**About this exercise:** All lines from the one containing "2017 Toyota RAV4 LE" through the end of the entries below should appear in the answer exactly, with no others.

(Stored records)

□ □ □ □ □ □ □

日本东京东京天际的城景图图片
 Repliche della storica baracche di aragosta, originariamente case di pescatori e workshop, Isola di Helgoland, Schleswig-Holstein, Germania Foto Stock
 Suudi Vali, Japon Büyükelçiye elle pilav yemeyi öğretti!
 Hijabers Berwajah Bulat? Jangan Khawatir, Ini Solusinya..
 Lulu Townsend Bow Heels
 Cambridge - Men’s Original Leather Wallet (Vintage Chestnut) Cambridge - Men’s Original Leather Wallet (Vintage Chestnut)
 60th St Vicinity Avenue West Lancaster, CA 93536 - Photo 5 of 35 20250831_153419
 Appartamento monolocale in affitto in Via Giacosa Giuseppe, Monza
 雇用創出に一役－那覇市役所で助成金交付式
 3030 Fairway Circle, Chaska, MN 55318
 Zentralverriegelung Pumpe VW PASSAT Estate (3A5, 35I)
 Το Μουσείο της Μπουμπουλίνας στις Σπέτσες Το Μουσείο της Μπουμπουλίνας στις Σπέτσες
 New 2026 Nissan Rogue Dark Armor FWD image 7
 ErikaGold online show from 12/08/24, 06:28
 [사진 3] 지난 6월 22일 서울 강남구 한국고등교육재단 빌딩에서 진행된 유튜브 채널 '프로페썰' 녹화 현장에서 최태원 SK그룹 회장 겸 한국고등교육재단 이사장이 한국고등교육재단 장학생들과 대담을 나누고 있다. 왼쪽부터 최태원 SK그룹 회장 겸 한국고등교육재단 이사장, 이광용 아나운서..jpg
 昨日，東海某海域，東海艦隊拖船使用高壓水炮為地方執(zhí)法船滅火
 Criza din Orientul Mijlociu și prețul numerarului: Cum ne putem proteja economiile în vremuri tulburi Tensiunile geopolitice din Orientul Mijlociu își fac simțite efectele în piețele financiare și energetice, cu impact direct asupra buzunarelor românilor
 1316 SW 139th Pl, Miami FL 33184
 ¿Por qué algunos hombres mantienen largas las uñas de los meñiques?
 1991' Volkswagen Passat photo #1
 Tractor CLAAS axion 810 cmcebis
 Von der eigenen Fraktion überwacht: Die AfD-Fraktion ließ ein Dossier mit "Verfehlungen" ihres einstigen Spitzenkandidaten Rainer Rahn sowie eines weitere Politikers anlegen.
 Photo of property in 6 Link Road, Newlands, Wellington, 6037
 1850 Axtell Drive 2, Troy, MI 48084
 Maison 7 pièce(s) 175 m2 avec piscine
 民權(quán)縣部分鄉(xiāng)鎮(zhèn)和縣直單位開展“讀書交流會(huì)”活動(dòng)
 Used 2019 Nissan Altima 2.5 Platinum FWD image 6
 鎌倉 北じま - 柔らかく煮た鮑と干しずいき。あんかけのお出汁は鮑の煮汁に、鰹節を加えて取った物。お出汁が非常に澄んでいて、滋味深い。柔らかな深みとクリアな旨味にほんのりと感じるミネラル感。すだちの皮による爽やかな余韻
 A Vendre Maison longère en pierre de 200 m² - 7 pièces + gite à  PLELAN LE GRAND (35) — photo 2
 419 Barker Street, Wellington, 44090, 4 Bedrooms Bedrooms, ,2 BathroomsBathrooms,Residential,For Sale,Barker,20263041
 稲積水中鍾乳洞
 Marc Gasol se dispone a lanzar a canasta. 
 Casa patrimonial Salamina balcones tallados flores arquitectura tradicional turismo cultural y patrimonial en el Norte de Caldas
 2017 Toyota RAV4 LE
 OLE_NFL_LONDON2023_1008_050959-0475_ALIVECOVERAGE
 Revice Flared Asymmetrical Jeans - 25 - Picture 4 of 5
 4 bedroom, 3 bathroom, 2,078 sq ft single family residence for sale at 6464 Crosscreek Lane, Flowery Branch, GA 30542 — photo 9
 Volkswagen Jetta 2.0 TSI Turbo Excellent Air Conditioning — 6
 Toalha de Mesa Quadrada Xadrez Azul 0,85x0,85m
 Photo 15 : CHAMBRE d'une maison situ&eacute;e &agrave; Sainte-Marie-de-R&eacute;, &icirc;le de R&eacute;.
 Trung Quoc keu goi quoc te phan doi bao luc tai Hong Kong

□ □ □ □ □ □ □

**Written solution:**
 2017 Toyota RAV4 LE
 OLE_NFL_LONDON2023_1008_050959-0475_ALIVECOVERAGE
 Revice Flared Asymmetrical Jeans - 25 - Picture 4 of 5
 4 bedroom, 3 bathroom, 2,078 sq ft single family residence for sale at 6464 Crosscreek Lane, Flowery Branch, GA 30542 — photo 9
 Volkswagen Jetta 2.0 TSI Turbo Excellent Air Conditioning — 6
 Toalha de Mesa Quadrada Xadrez Azul 0,85x0,85m
 Photo 15 : CHAMBRE d'une maison situ&eacute;e &agrave; Sainte-Marie-de-R&eacute;, &icirc;le de R&eacute;.
 Trung Quoc keu goi quoc te phan doi bao luc tai Hong Kong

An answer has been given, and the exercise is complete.